BLUE framework bridges user profiles and embeddings for better recommendations
Reinforcement learning aligns interpretable user profiles with recommendation embeddings for SOTA performance.
Personalized systems rely on effective user representations, but existing methods face a trade-off: latent embeddings are powerful for retrieval but uninterpretable, while textual profiles are interpretable but hard to optimize. A new paper from researchers (Zhaoxuan Tan, Xiang Zhai, Yan Zhu, Meng Jiang, Mohamed Hammad) introduces BLUE (Bridging texuaL profiles and latent User Embeddings), a reinforcement learning framework that bridges this gap. BLUE uses a profiler LLM to generate textual user profiles from interaction history, while an embedding model provides reward signals to push profiles closer to positive items and farther from negative ones in embedding space. A text-space supervision signal based on next-item prediction ensures profiles remain semantically meaningful.

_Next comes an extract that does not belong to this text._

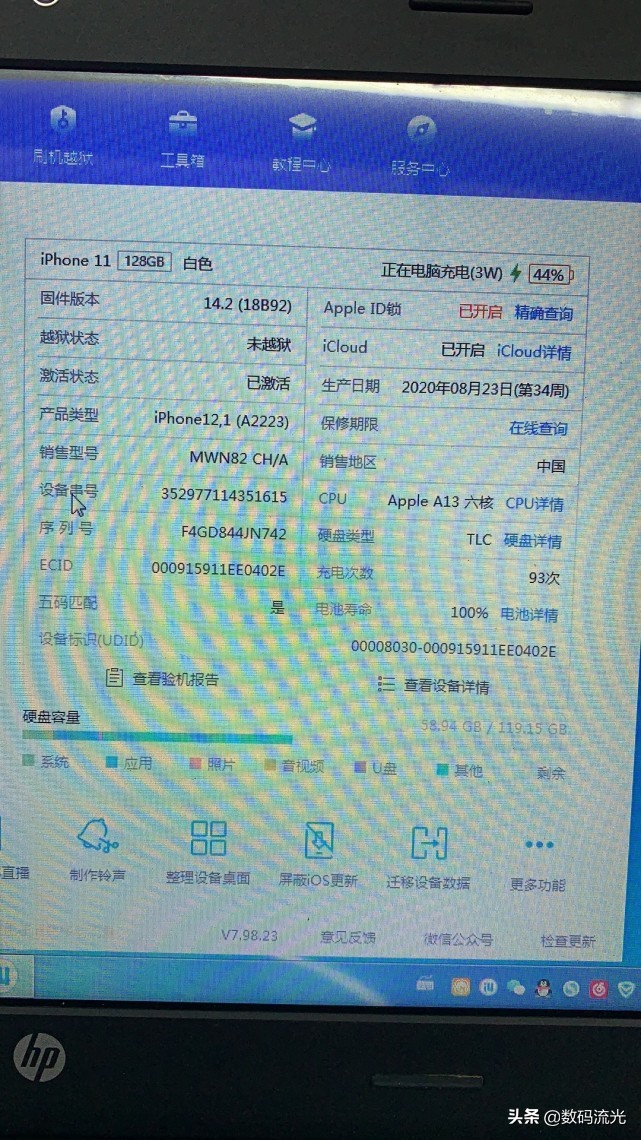 苹果国行和官换的区别,苹果国行官换是什么意思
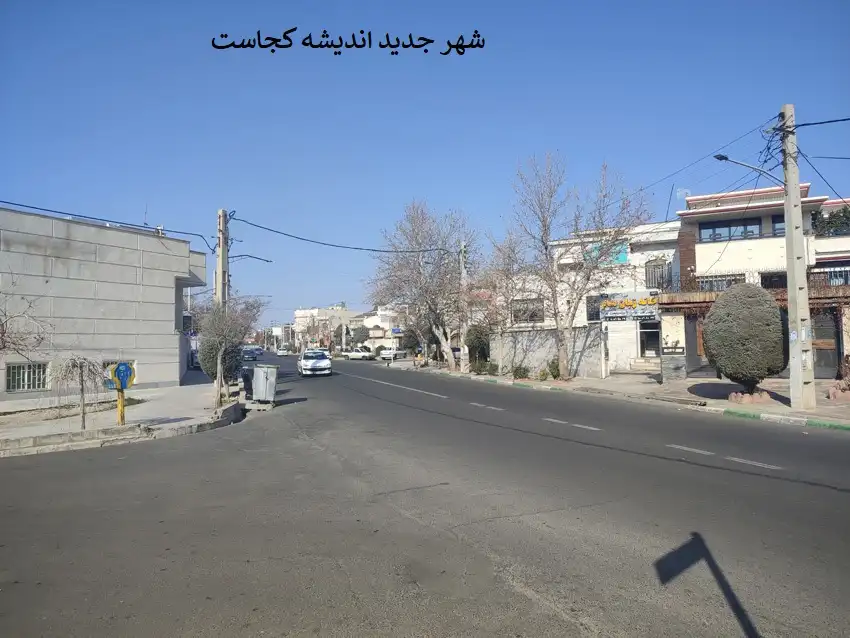 شهر جدید اندیشه کجاست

Experiments on Amazon Reviews 2023 and Google Local Reviews show BLUE consistently outperforms strong baselines in zero-shot sequential recommendation settings, under both frozen and trainable embedding conditions. Notably, BLUE achieves clear gains in cross-domain transfer, demonstrating generalization ability of learned profiles. The generated profiles also provide better context for question answering compared to raw histories or alternative profile methods. This work offers a practical path to unify interpretability and discriminative power in user representation, with implications for recommendation systems, search personalization, and AI assistants.
- BLUE uses reinforcement learning to align LLM-generated textual user profiles with embedding-based recommendation rewards.
- Outperforms strong baselines on Amazon Reviews 2023 and Google Local Reviews in zero-shot sequential recommendation.
- Achieves strong cross-domain transfer and improves personalized context for question answering tasks.
Why It Matters
Enables more accurate, interpretable user modeling for recommendation systems and personalization at scale.